Why can I put a cat in a list of animals?

Question

If lists are invariant, how come it's legal to append a Cat to a list[Animal]?

class Animal:
    def speak(self) -> None:
        print("*generic animal noises*")

class Cat(Animal):
    def speak(self) -> None:
        super().speak()
        print("also: meow")

animals: list[Animal] = [Animal(), Animal()]
animals.append(Cat())

Doesn't this require list to be covariant?

A list being invariant only means that you can't put a list of cats into a variable which stores a list of animals (or vice versa).

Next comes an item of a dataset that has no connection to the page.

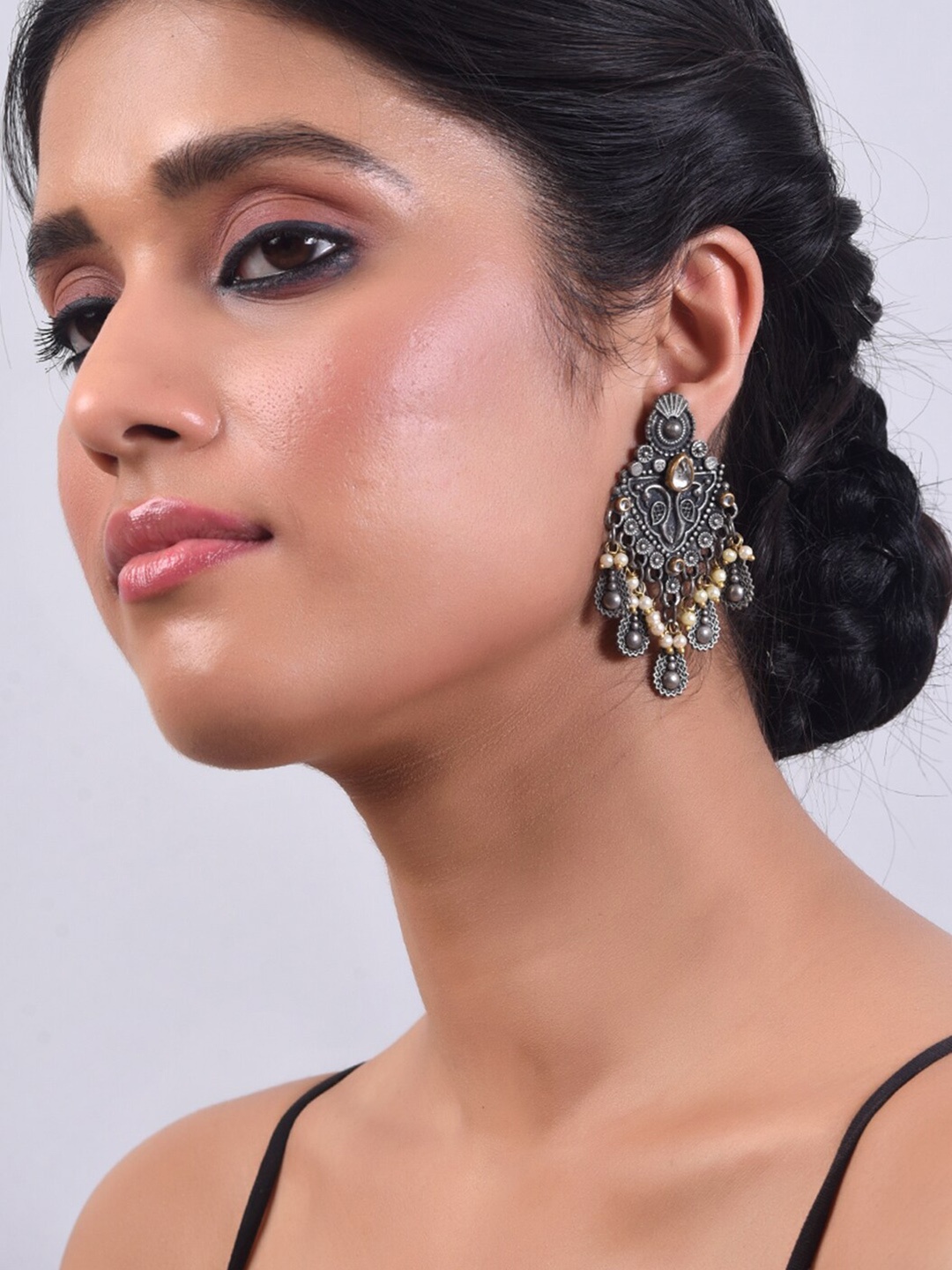 

phuljhadi Silver-Plated Artficial Stone & Beads Gemetric Drop Earrings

It's still legal to put a cat into a variable which stores an animal:

cat: Cat = Cat()
animal: Animal = cat
and this is roughly what happens when you call animals.append(Cat()): animals.append expects an animal, and a cat is a perfectly fine animal:
cat: Cat = Cat()
animal: Animal = cat

animals.append(animal)

Does this break anything?

list is invariant because if it weren't, bad things could happen:

def add_pets(animals: list[Animal]) -> None:
    animals.append(Dog())
    animals.append(Dragon())

cats: list[Cat] = []
animals: list[Animal] = cats  # this is illegal!
add_pets(animals)  # ...because this would make the cats very uncomfortable

But if you put a Cat into a list of Animals, everything will be fine. You can only extract an Animal from the list, and a Cat will work whenever an Animal works (at least it should).